How to add a new column to Pandas DataFrame?

Add A New Column To Pandas DataFrame

In this tutorial, we are going to discuss different ways to add a new column to pandas data frame.


What is a pandas data frame?

Pandas data frame is a two-dimensional heterogeneous data structure that stores the data in a tabular form with labeled indexes i.e. rows and columns.

Usually, data frames are used when we have to deal with a large dataset, then we can simply see the summary of that large dataset by loading it into a pandas data frame and see the summary of the data frame.

In the real-world scenario, a pandas data frame is created by loading the datasets from an existing CSV file, Excel file, etc.

But pandas data frame can be also created from the list, dictionary, list of lists, list of dictionaries, dictionary of ndarray/lists, etc. Before we start discussing how to add a new column to an existing data frame we require a pandas data frame.

Installing and importing pandas

We require the Pandas library of Python for working on data frames, so we have to first install the Pandas library and then import it into the Python program. Following are the commands to install and import pandas:

# Installing pandas Python library
pip install pandas
# Importing pandas into the program
import pandas as pd

Before we start discussing how to add a new column to an existing pandas data frame, we require a pandas data frame.
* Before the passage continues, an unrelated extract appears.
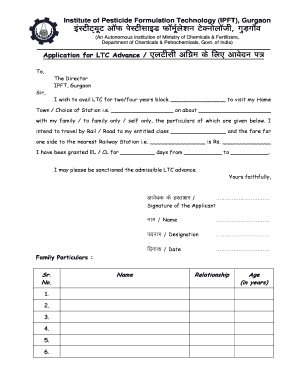 LTC Advance Application Form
Creating a data frame from a dictionary of lists

# Creating a dictionary of lists
data = {'name': ['Sanjay', 'Ravi', 'Shreya', 'Abhishek', 'Shantanu'],
'roll': [55, 65, 75, 85, 95]}

# Creating a pandas data frame from the above data
df = pd.DataFrame(data)
print(df)

Output:

New Dataframe

Now let’s discuss the different ways to add a new column to this existing data frame which we have created just above. There are multiple ways to add a new column to this existing data frame but here we will discuss only the three main robust and powerful ones.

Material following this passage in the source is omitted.